Thursday, January 8, 2015
Empire, a FOX melodrama about the behind the scenes hip-hop Empire Entertainment label, premiered last night to killer ratings. That’s good, because along with continuing this year's trend of broadcast TV kicking prestige cable’s lily-white ass in racial diversity, Empire is brimming with potential.
That’s because it understands how to establish stakes.
Stakes are the essential fuel of drama. You can have sparks from great acting and kindling from a killer premise – but without those ongoing stakes a show burns out quickly.
They’re about desires and fears. What does a character really, really want really really badly? How much ambition does she have to achieve it? What does she fear will happen if she doesn’t get it?
It’s why the tension in Coach Taylor’s marriage on Friday Night Lights matters so much more than the out-of-nowhere murder in Season 2. It’s why in Parenthood, Max’s obsessive campaign to bring Skittles to the middle school vending machine feels so much higher-stakes than his mother’s half-assed mayoral campaign. It’s not that the candy selection at Cedar Knoll Middle School is objectively more important than the leadership of the entire city of Berkeley. It’s that Skittles matter so much more to Max.

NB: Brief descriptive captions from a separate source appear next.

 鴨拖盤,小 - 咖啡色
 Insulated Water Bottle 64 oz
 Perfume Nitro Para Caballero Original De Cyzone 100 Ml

Stakes come from characters, not facts.
Empire implicitly gets that. Drenched in egotism, the lighting, cinematography, constant music and every melodramatic line of dialogue drives home how much each character cares about their goals.
Halfway through the pilot, Empire Entertainment CEO Lucious Lyon, announces to his family and executive that he’s dying of ALS (despite the Ice Bucket challenge) and one of them will have to take over after his death. And so, like the princes of yore, there’s a dynastic struggle for the throne. Business and family and prestige are the same sort of stakes that powered a soap opera like Dallas. And they work just as well here.
New York Times columnist Ross Douthat has made the argument several times that, because of the lack of consequence for breaking social mores these days, modern realistic fiction struggles to capture the drama of, say, Anna Karenina. But Empire gets around that with its setting: In the music industry, image is still everything, and everything speaks to your image.
And the industry is dying. The empire of Lucious is in its twilight years. As the family fights for control, they’re fighting over dwindling scraps. To that add deep veins of anger running through their relationships. And to that add the context of racism, greed, violence, desire, and homophobia.
Empire’s not perfect. The final scene ends with a murder of a barely established character, exactly the duller sort of stakes the show’s avoided elsewhere. The flashbacks are didactic, sometimes painfully cheesy.
But as flawed as the flashbacks are, they pound home character ambition – and not just for corporate power, but for love, acceptance, revenge, and all those classic dramatic elements. Empire’s success will depend on whether it can stoke the fire of those ambitions, and keep tossing fresh stakes on the flames.